Exercise data: Begin

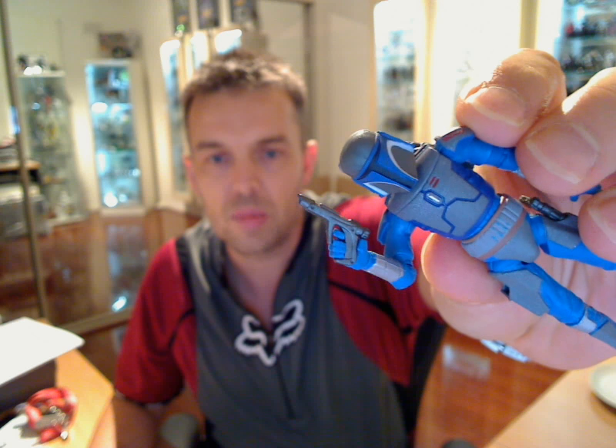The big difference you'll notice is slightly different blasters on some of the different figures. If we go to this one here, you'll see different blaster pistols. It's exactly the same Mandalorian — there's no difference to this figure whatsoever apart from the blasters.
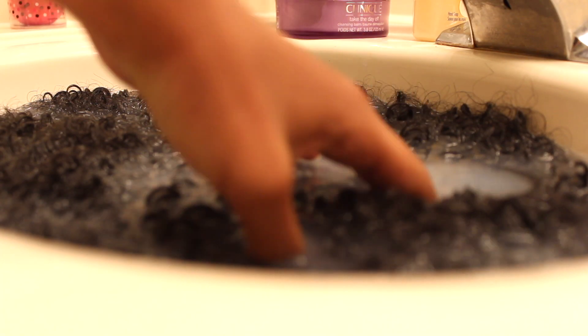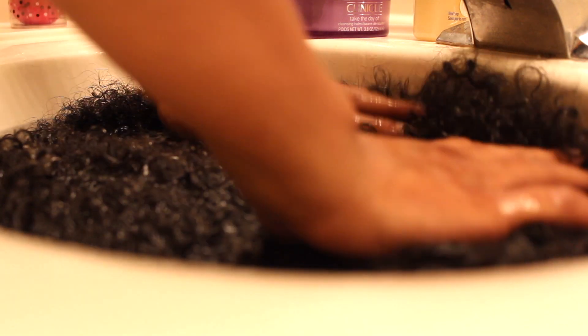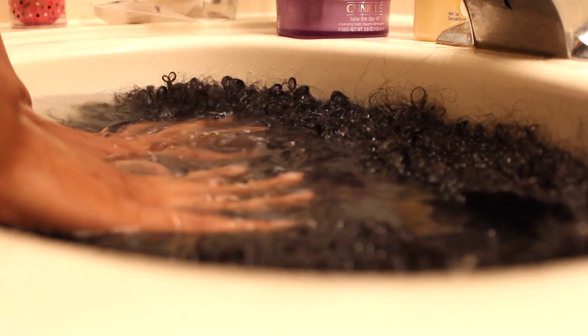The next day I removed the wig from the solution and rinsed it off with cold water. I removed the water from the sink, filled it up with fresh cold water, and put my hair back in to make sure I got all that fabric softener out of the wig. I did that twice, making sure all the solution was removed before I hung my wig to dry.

Exercise data: End
Exercise data: Begin

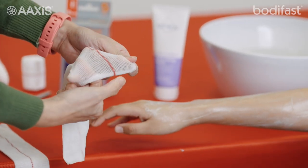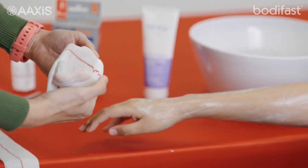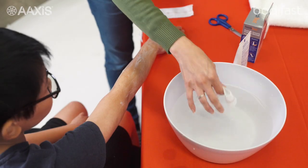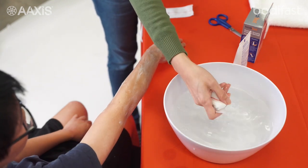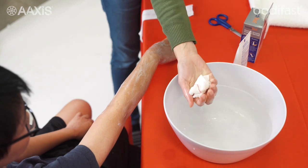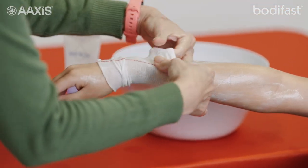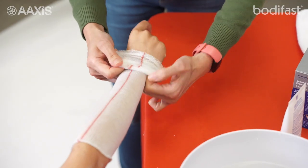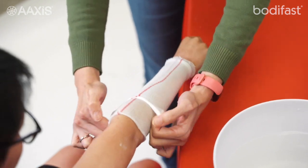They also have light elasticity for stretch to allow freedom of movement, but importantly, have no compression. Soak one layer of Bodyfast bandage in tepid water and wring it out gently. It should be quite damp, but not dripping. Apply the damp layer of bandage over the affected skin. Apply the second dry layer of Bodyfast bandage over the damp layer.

Exercise data: End

Copy back exactly the lines above from the one containing "The big difference" through the one containing "The next day", and leave every picture behind.

The answer »
The big difference you'll notice is slightly different blasters on some of the different figures. If we go to this one here, you'll see different blaster pistols. It's exactly the same Mandalorian — there's no difference to this figure whatsoever apart from the blasters.
The next day I removed the wig from the solution and rinsed it off with cold water. I removed the water from the sink, filled it up with fresh cold water, and put my hair back in to make sure I got all that fabric softener out of the wig. I did that twice, making sure all the solution was removed before I hung my wig to dry.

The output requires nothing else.